Dairy farmers get market forecasts ... with suicide hotlines

  • An Uppinngil Farm cow gets milked in Gill in this 2015 file photo. Dairy farmers’ revenue is forecast to fall for the third year in a row, according to the co-op Agri-Mark. Recorder file photo

Combined Sources
Monday, February 12, 2018

With milk prices declining to levels seen 20 years ago, the dairy co-op Agri-Mark last week sent farmers phone numbers for suicide prevention hotlines and other mental health services along with the latest market forecasts.

The regional cooperative, which serves the six New England states plus New York, notified members in a Feb. 1 letter that prices for milk — usually the largest part of dairy farmers’ revenue — were forecast to fall for the third year in a row in 2018.

“We have reached the halfway point of a particularly stressful winter while also facing falling milk prices,” read the letter from Agri-Mark Senior Vice President Bob Wellington.

“Farm families are incredibly resilient, but some members may want to take advantage of helpful programs where they can talk with experts about work and financial stress, depression and anxiety, grief counseling, substance abuse and family relationship issues.”

Headquartered in Methuen, Agri-Mark collects milk from farmers throughout the region and sells it to large processors, among other services to members. Cabot Creamery Cooperative, known for its Cabot cheese, is a subsidiary.

The letter says Agri-Mark is working on a “free, comprehensive” member assistance program.

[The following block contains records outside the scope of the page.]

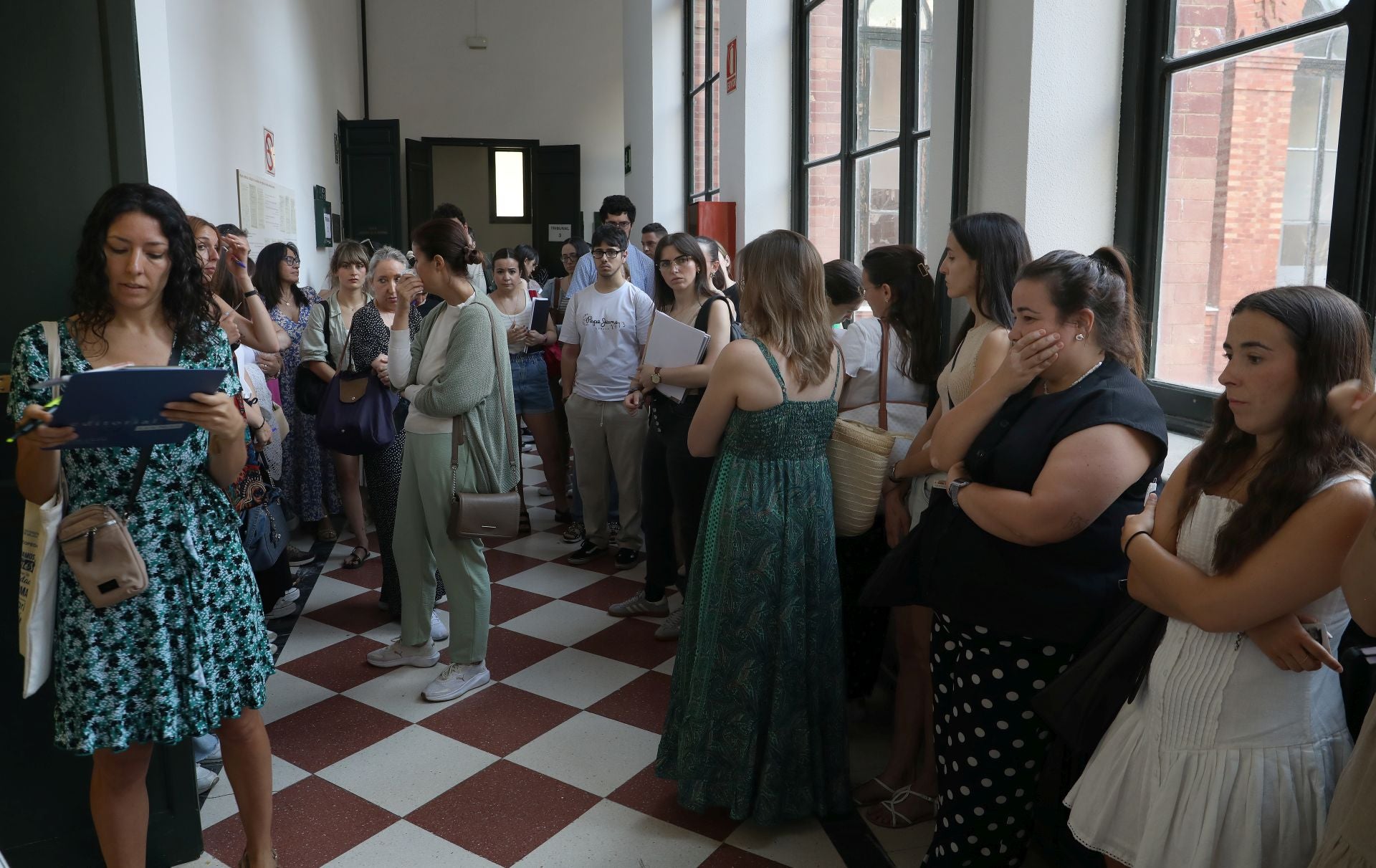 1.172 aspirantes en Palencia para conseguir una plaza de maestro de inglés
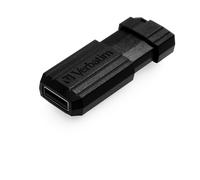 Verbatim PinStripe - USB Drive 128 GB - Black
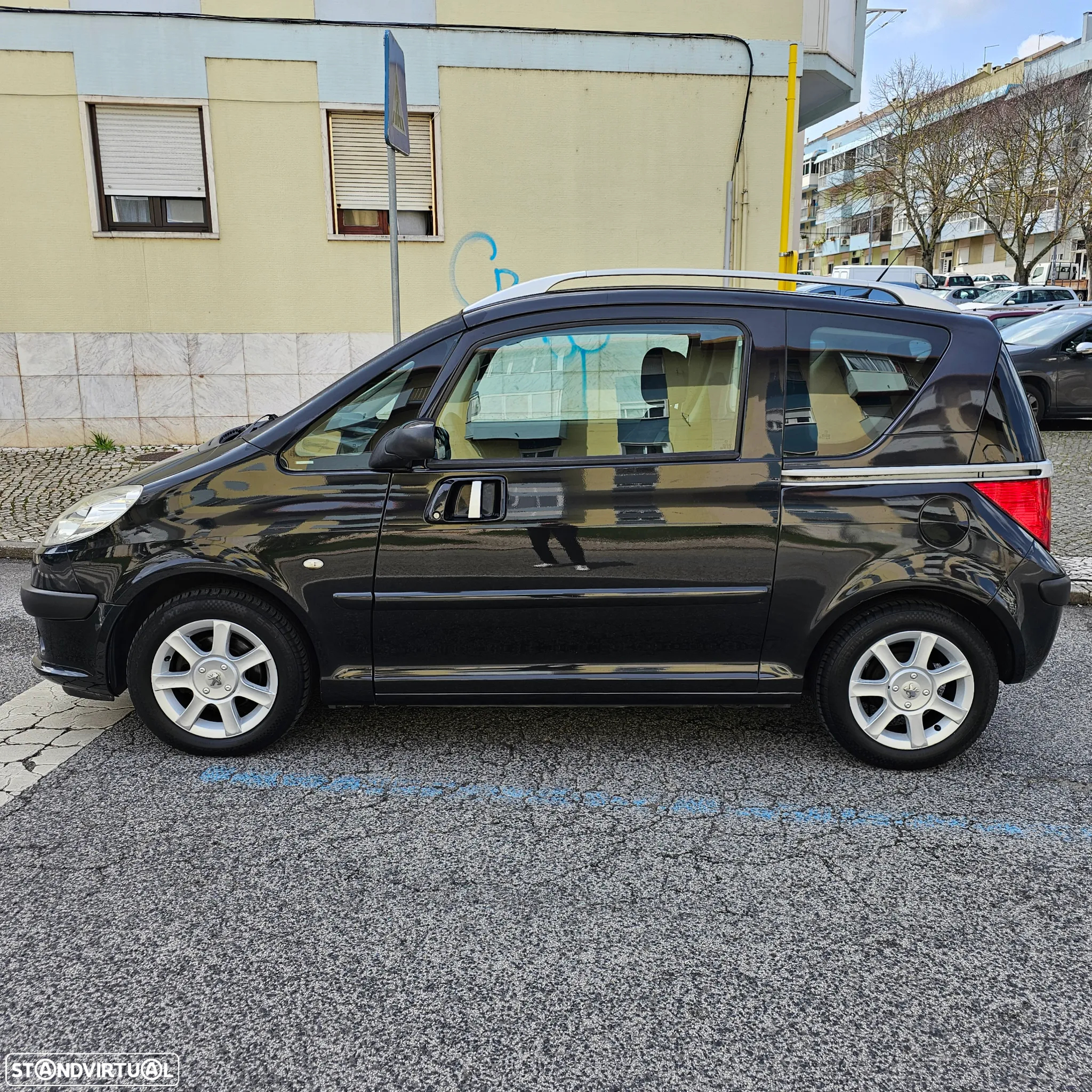 Peugeot 1007 1.4 HDi Sporty - 9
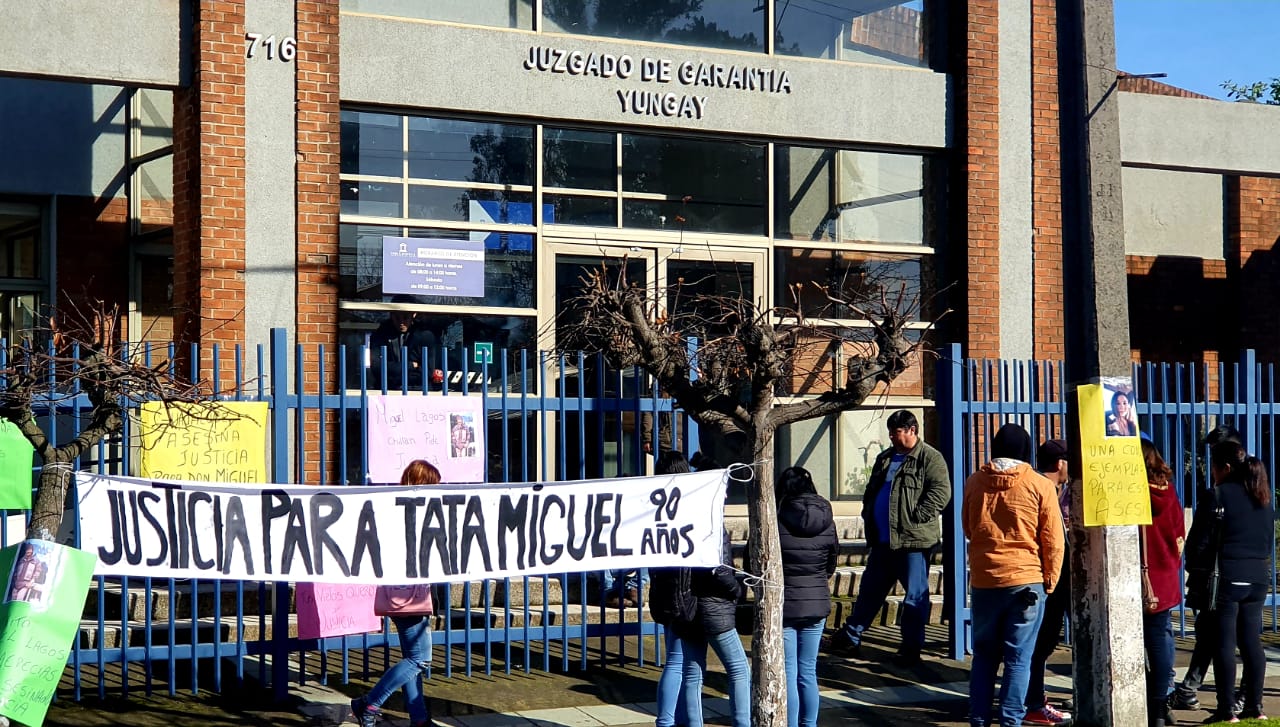 Juzgado de Garantía Yungay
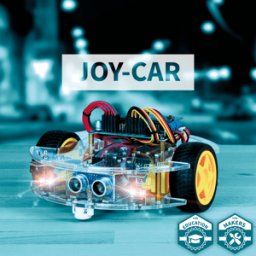 JOY-IT CAR - Joy-Car, Conjunto Robótico Educativo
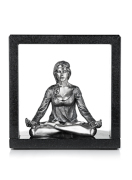 Скульптура «Медитирующая девушка»
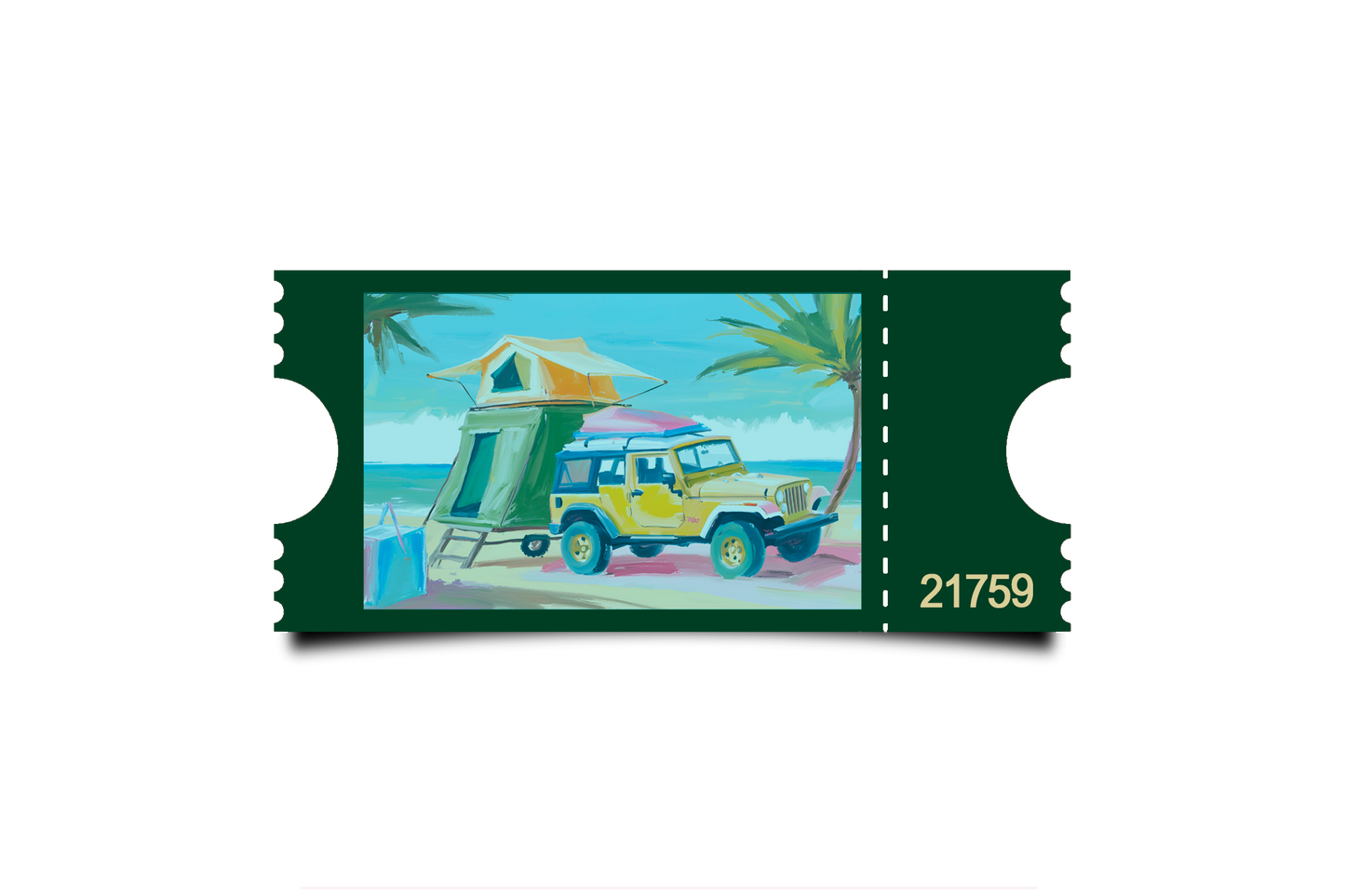 Boleto Ilustracion N 21759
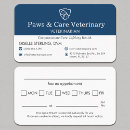 Buscar veterinarios tarjetas de visita Para todos
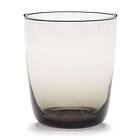 Serax Cena högt glas Ø8.5 cm Smokey Grey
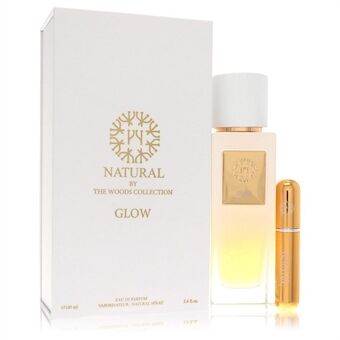 The Woods Collection Natural Glow by The Woods Collection - Eau De Parfum Spray (Unisex) With Mini Refillable Spray 100 ml - voor vrouwen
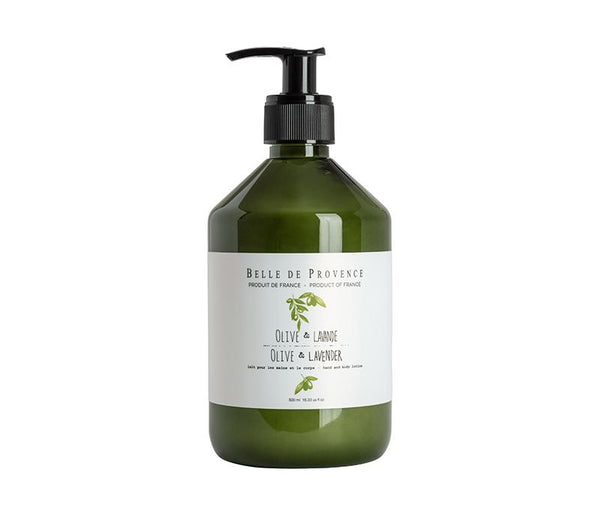 Olive Lavender Hand & Body Lotion - Belle De Provence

Until that goes online, the co-op offered members information about public resources to deal with stress, whether that be to their finances, family relationships, or mental health.

The letter recommended that Massachusetts farmers could reach out to suicide.org for help and that The Samaritans offer a helpline at 877- 870-4673.

Warren Facey of Leyden, executive director of Massachusetts Association of Dairy Farmers, said he misses FarmNet of the Pioneer Valley, a branch of the Cornell University mental health service that was available in Massachusetts for several years, but is no longer supported here as it had been by Community Involved in Sustaining Agriculture.

“Dairy farmers have a great deal more invested than a homeowner, by many thousands of dollars,” Facey said. “Being on a farm is a bad place to be.”

David Gott of Greenfield still brings his social work skills to farmers in New York state through New York Farm Net and in the 1990s had offered counseling to local farmers dealing with financial and personal issues said, “I’ve seen many farmers through the years dealing with economic stress. When it’s bad, it can be really bad. Dairy is one of the most vulnerable sectors because of the economics,” he said.

“It would be wonderful if there could be something in New England,” he added.

The financial problems that dairy farms have coped with for decades are more complex than the farmer-owned co-op can fix, he said. And, Facey added, “It has gotten considerably worse,” with prices now about what they were in 2006, when the cost of grain was particularly high.

Facey said he hasn’t heard directly from farmers who are especially distraught now, but added, “Everybody is at least concerned about that. Because we’re that close” to the edge.

“It was strongly worded,” said Paul Doton, a Barnard, Vt., dairy farmer and member of Agri-Mark’s board of directors, which called for the letter, “but we wanted to make sure that members understood we had those feelings for them. We want to make sure people understand there are resources available for stress — all forms of stress.”

Milk prices last year reached an average of $17.44 per hundredweight in the Boston-area market, with farmers typically receiving about a dollar less than that, Agri-Mark spokesman Doug Dimento said on Wednesday. This year’s estimates are shaping up to be more like $16 per hundredweight, or $15 for farmers, he said.

“That’s below the cost of production for the majority of farmers we know in the Northeast,” he said. “It’s tough.”

These figures are down from an average of $25.49 per hundredweight in 2014, and barely more than the $15.98 farmers were paid in 1998, according to statistics from researchers at the University of Wisconsin-Madison.

“You’d be stressed, too, if your paycheck got cut by a third,” Tim Angell of White Rock Farm in Randolph, Vt., said. “You have to tighten your belt.”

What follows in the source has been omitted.